Julia, que aún no se había sacado todo el miedo del cuerpo, se sentía orgullosa de saber algo que las otras ignoraban:
—¡Son los peores de todos! Son los que te lo pegan: si coincides un par de veces con un semisatinado, aunque tú no lo seas, te vuelves satinado.
—Pero tú no lo eres, ¿verdad?— preguntó el encargado.
—No, no se preocupe. Los satinados no somos contagiosos; sólo los semi. Seguro. Por eso no dejan que los semi vuelvan a casa… Como una chica que conocí, que se llama Noelia, que quería ir a la universidad y en su casa le podían pedir el certificado que necesitaba, porque tienen dinero y ella es muy lista, pero resultó que era semi…
***
Aquel mismo día por la tarde, el encargado se acercó a Julia.

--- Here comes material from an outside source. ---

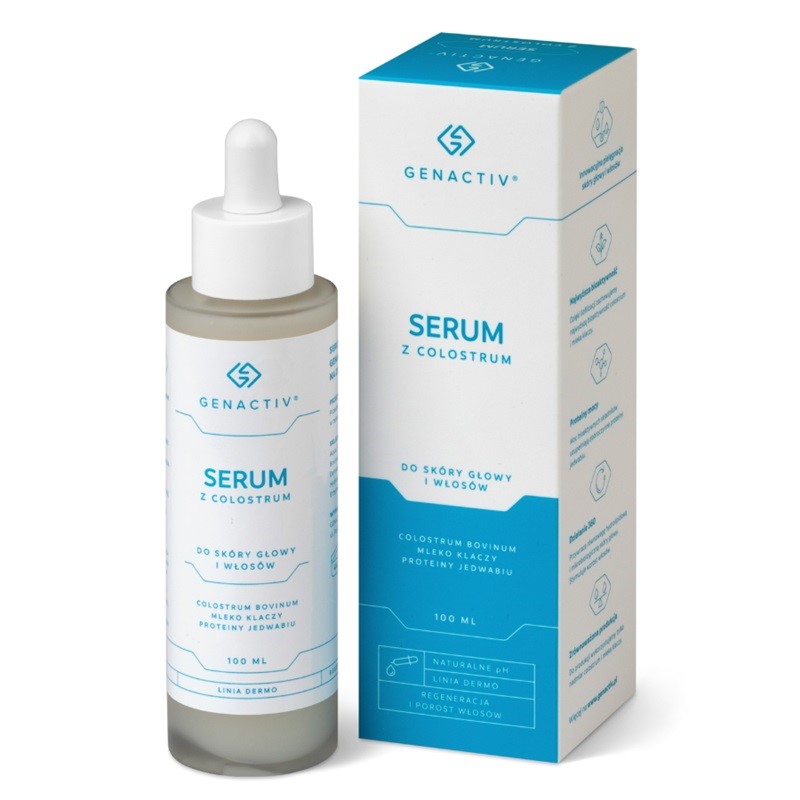 Genactiv Serum z Colostrum 100 ml do włosów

—Julia… —al encargado, siempre tan seguro de sí mismo, le fallaba la voz—. Esta tarde, a la salida del trabajo, Si te parece bien, podríamos ir a tomar una copa… Tú y yo… ¿Te apetece?
LEY ÚNICA DEL CERTIFICADO
Artículo 49
a)
Los contratos prematrimoniales no podrán contener ningún acuerdo en el que se haga referencia a ningún posible certificado de ninguno de los cónyuges.
b)
Cualquier cláusula de un contrato de matrimonio que haga referencia directa a un certificado o a la duración de un certificado de cualquiera de los futuros cónyuges será nula y, en su caso, podrá contaminar de nulidad a todo el contrato.
Artículo 56
La solicitud de expedición de cualquier certificado será siempre voluntaria, con excepción de los certificados penales establecidos por esta Ley Única y por las leyes penales.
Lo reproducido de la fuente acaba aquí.